To calculate TOP1, we sort cases by the values you predict for them. (If you prefer to sort the cases for us, just give us "predictions" that are the ranks you assign to each case so we get your ordering when we sort -- be sure to rank the case most likely to be class 1 with the *highest* rank (a number near 1000, not near 1).) If you predict all cases to be class 1, they all sort to the same position, so the homologs do not sort by themselves to the top 1 position. We will split ties in the ordering pessimistically. That is, if three cases tie for top 1 position, and only 1 (or 2) of these 3 cases are homologs (true class 1), then the TOP1 score will be 0 because 2 (or 1) of the cases predicted to be top 1 were not homologs. In other words, we are calculating TOP1 so that ties will hurt instead of help. This is appropriate for a score like TOP1 where you really have to predict a single case that is most likely to be a match.
Are ties always broken pessimistically?
No.

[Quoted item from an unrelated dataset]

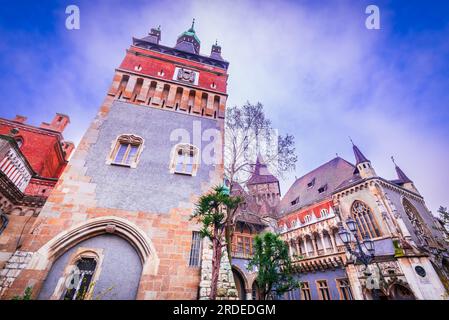 Budapest, Hongrie. Château de Vadjahunyad, parc municipal à Pest, destination de voyage en Europe. Banque D'Images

The performance measures that depend on ordering the data are TOP1, Average Precision, ROC Area, Rank of the Last Positive, and the Slac Q-Score. Of these, only TOP1 and Rank of Last (RKL) break ties pessimistically. RKL, which returns the rank of the positive case last predicted to be positive, pessimistically assumes that the positive cases rank to the end of any group of cases they tie with. This is appropriate for a measure like RKL that measures how far down the list the model places a positive case. But the other ordering measures: Average Precision, ROC Area, and SLQ are not pessimistic or optimistic. They break ties by assigning fractional values to all cases that are tied. For example, if 10 cases are tied, and 3 of those cases are true class 1, these measures accumulate 3/10 = 0.3 points of "positiveness" as they include each point from the group of ties. There are other ways to break ties for these measures. This approach has the advantages that it is easy to understand, is neutral to ties, and is applicable to most performance measures that integrate performance over the full range of an ordering.
When will the tasks and the data be available?
The datasets and tasks will be made available at this WWW-site in the week of April 26, 2004.
|